Copy the data exactly; pictures stay out of the copy.

[MATERIAL PROVIDED — start]

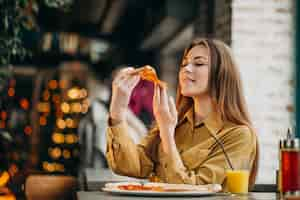 Free photo young pretty woman eating pizza at a bar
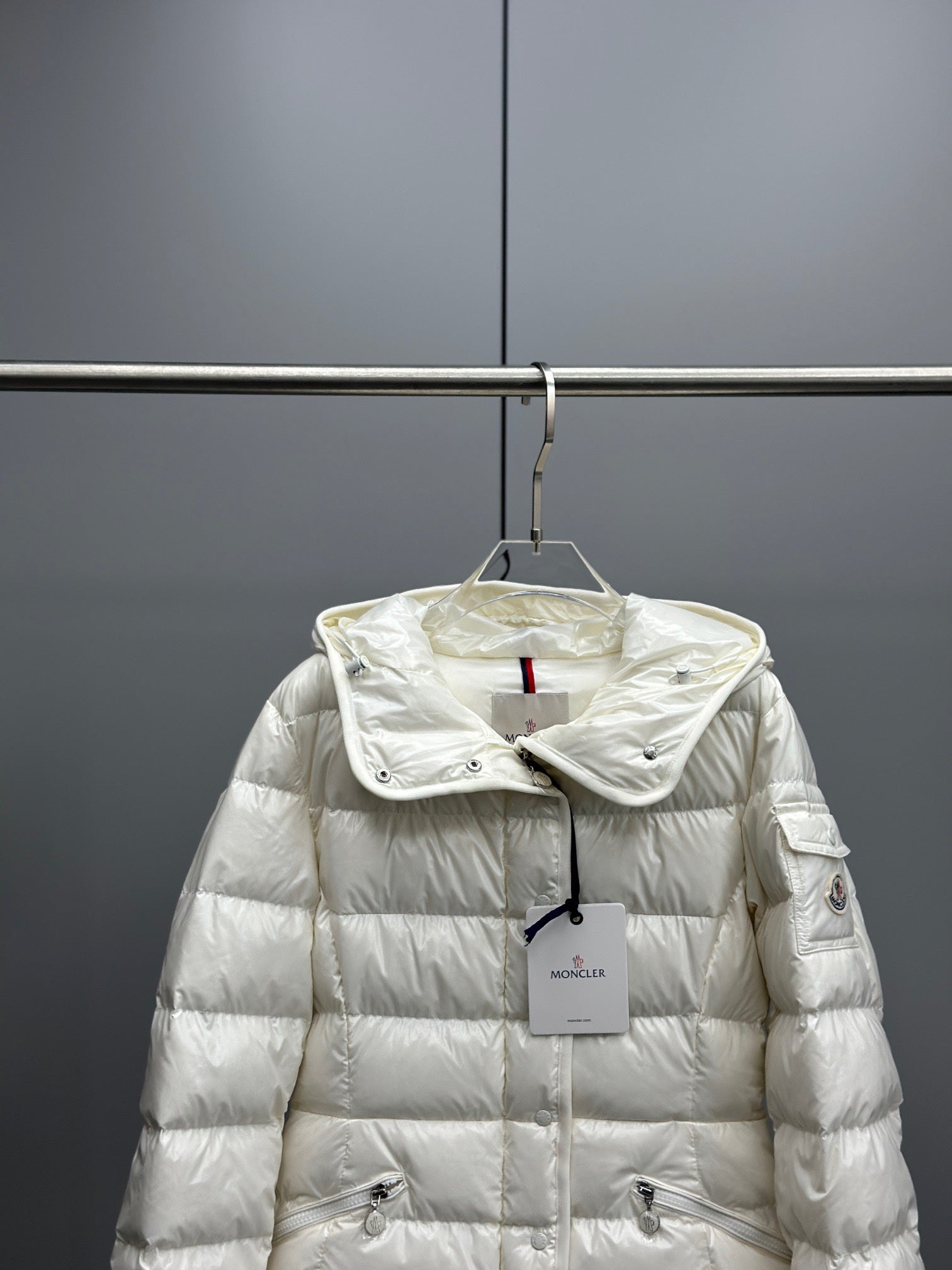 White long puffer jacket with hood, front zipper, Moncler chest logo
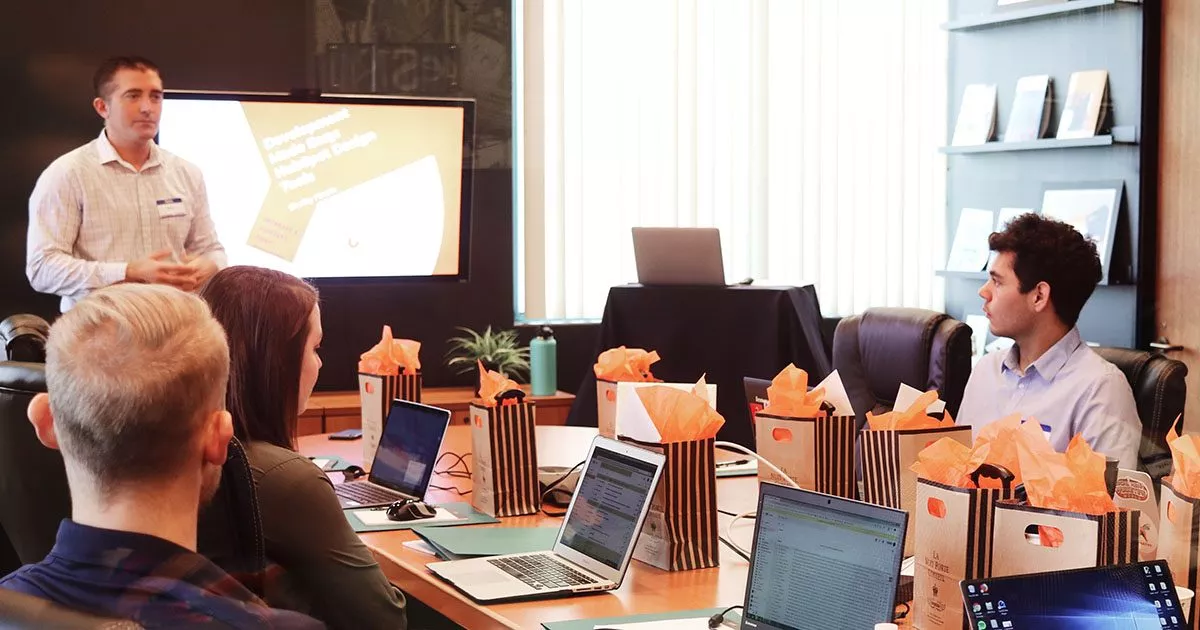 Eine Gruppe von Menschen sitzt mit Laptops an einem Tisch, während ein Mann einen Vortrag hält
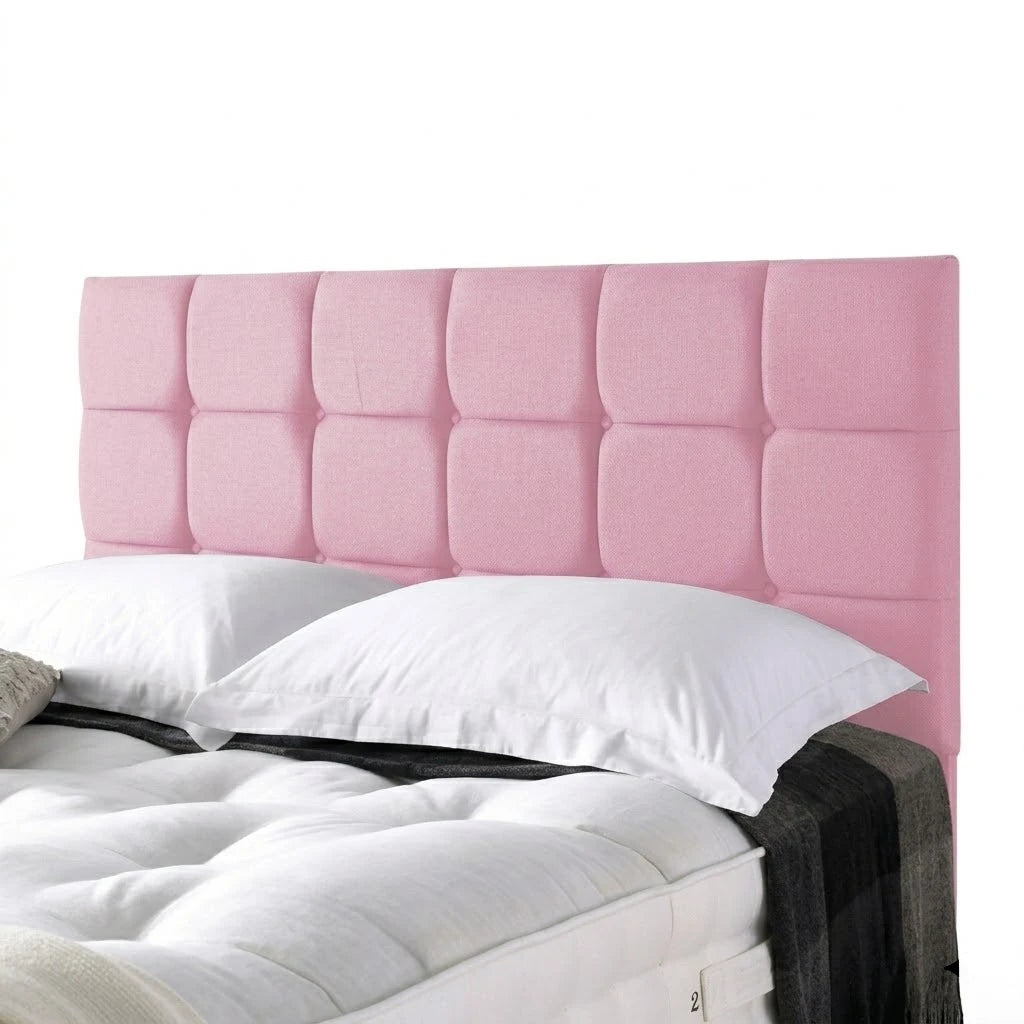 Pink tufted headboard with white pillows and a gray blanket on a white background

[MATERIAL PROVIDED — finish]

→ YOUR RESPONSE
 Free photo young pretty woman eating pizza at a bar
 White long puffer jacket with hood, front zipper, Moncler chest logo
 Eine Gruppe von Menschen sitzt mit Laptops an einem Tisch, während ein Mann einen Vortrag hält
 Pink tufted headboard with white pillows and a gray blanket on a white background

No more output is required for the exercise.